Speakers included Chief Justice, Mogoeng Mogoeng who delivered the keynote address; retired Constitutional Court Justice, Kate O’Regan; and Deputy Governor Administration at the Bank of Zambia, Doctor Tukiya Kankasa-Mabula.
Role of lawyers in upholding democracy and rights
The first panel discussion was titled ‘The role of lawyers in upholding democracy and the rights of individuals’. The panel consisted of director at Bingham Centre for the Rule of Law in London, Sir Jeffery Jowell; ENSafrica chairman, Michael Katz; lawyer at Mossadek Law Firm in Casablanca, Tarik Mossadek and Alpha Media Holdings chairperson in Zimbabwe, Trevor Ncube.
Mr Ncube described the Magna Carta as ‘one of history’s greatest and most enduring documents’ adding ‘that it originated from a group of leading noblemen and not from ordinary people does not dilute its appeal, and indeed, its lasting significance to the citizens of the world.’
Mr Ncube spoke on what the Magna Carta means to him, both as a Zimbabwean and as a citizen of the world. He spoke about its enduring effect but also raised important questions over the promotion and protection of civil rights, the core of which are traceable to the Magna Carta.
In this regard, he spoke about the role of the legal profession as well as its role in promoting and protecting human rights.
Mr Ncube said the Magna Carta did two important things. Firstly, it was the first proclamation that recognised the legal rights of subjects under the crown and secondly, it recognised that the monarch, which was essentially the state, was also capable of being bound by the law.
‘In this way, the Magna Carta established an important contractual relationship between the state and the citizen, with the state having power over the citizen but also being bound by the law and the citizen being entitled to legal rights. It is this relationship, between the state and the citizen that forms the basis of the modern nation-state. The state is limited to the extent that it must uphold and respect the rights of citizens which are granted by the law. This means the law is an important element in this relationship and it must be respected and enforced,’ he said.

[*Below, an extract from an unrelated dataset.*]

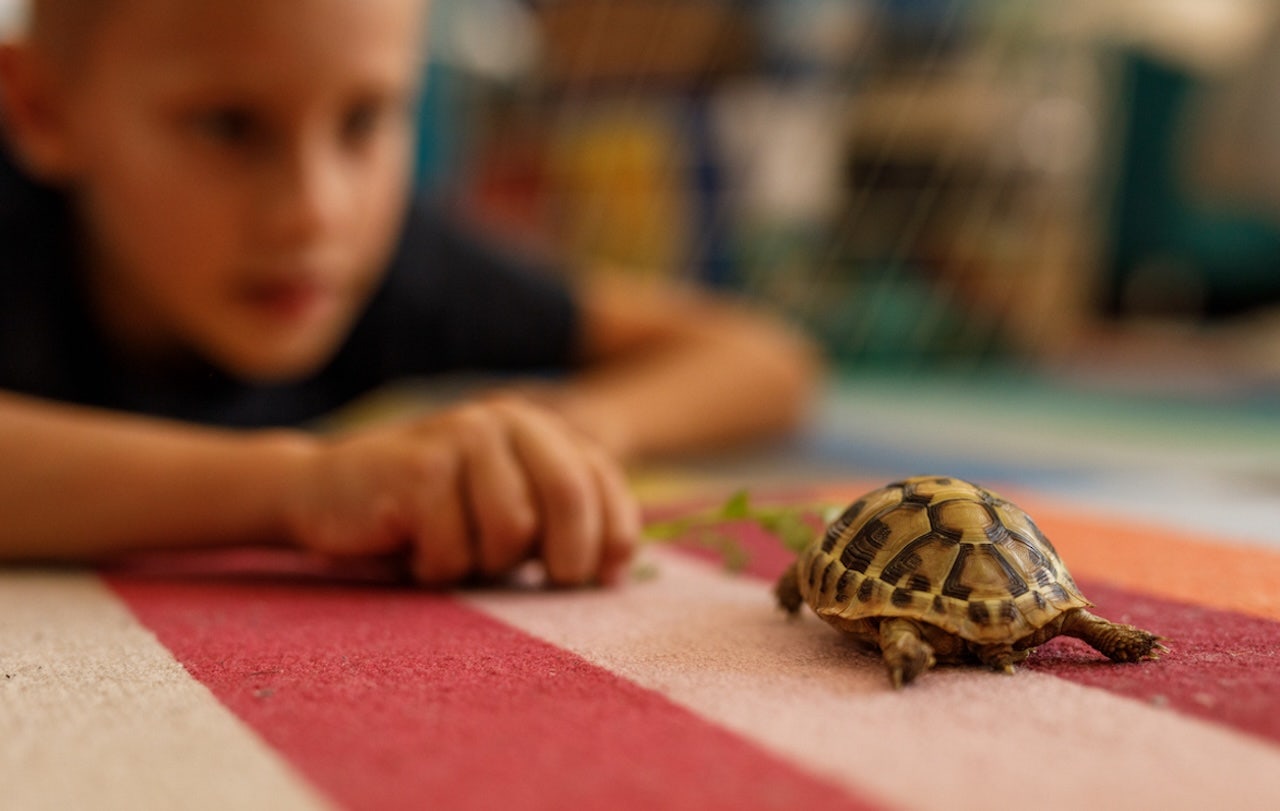 Salmonella outbreak caused by tiny turtles, CDC warns, with cases across 21 states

Mr Ncube said the Magna Carta was the first legal instrument to provide for the right of Habeas Corpus. He then went on to tell delegates about an incident in Zimbabwe where this law was used, many years after it was signed.
‘On 9 March 2015, a young Zimbabwean journalist and human rights activist called Itai Dzamara was allegedly abducted by an armed group of unknown individuals. This happened in broad daylight … A few days later, his family and lawyers approached the courts.
The application they were making was based on the right of Habeas Corpus, which I understand means “show the body”, a remedy, I am told, which is often sought where a person is suspected of being in the custody of the state. The demand is for the person to be produced and for the state to justify why he should be kept in custody. The roots of this important remedy are to be found directly in the Magna Carta,’ he said.
According to Mr Ncube, in this particular case, the court granted the order and compelled the law enforcement authorities, including the police and intelligence services to convene a search for Mr Dzamara, on the basis that the state has a duty to protect. But, to date, his whereabouts have still not been accounted for.
Mr Ncube mentioned how lawyers have been harassed in Zimbabwe and how lawyers are ‘politically captured’ by political organs of the state.
Harsh operating environment Mr Ncube said human rights lawyers sometimes have to operate in harsh working environments, adding that sometimes they become victims while trying to assist victims of human rights violations.
‘For example, in November 2014, Kennedy Masiye, a lawyer working for the Zimbabwe Lawyers for Human Rights was severely assaulted by members of the police at a police station where he had attended to represent his client who had been arrested while exercising his right to demonstrate,’ he said.
Mr Ncube added that many other lawyers have been subjected to assault and harassment of a similar nature. He said these abuses of power cause fear and intimidation among lawyers. ‘It is a harsh operating environment which means only the brave, and some might even say the reckless lawyers, are prepared to take up work in defence of political activists. ‘These are the heroes who with no regard to their own safety commit themselves to help others who need legal assistance,’ he said.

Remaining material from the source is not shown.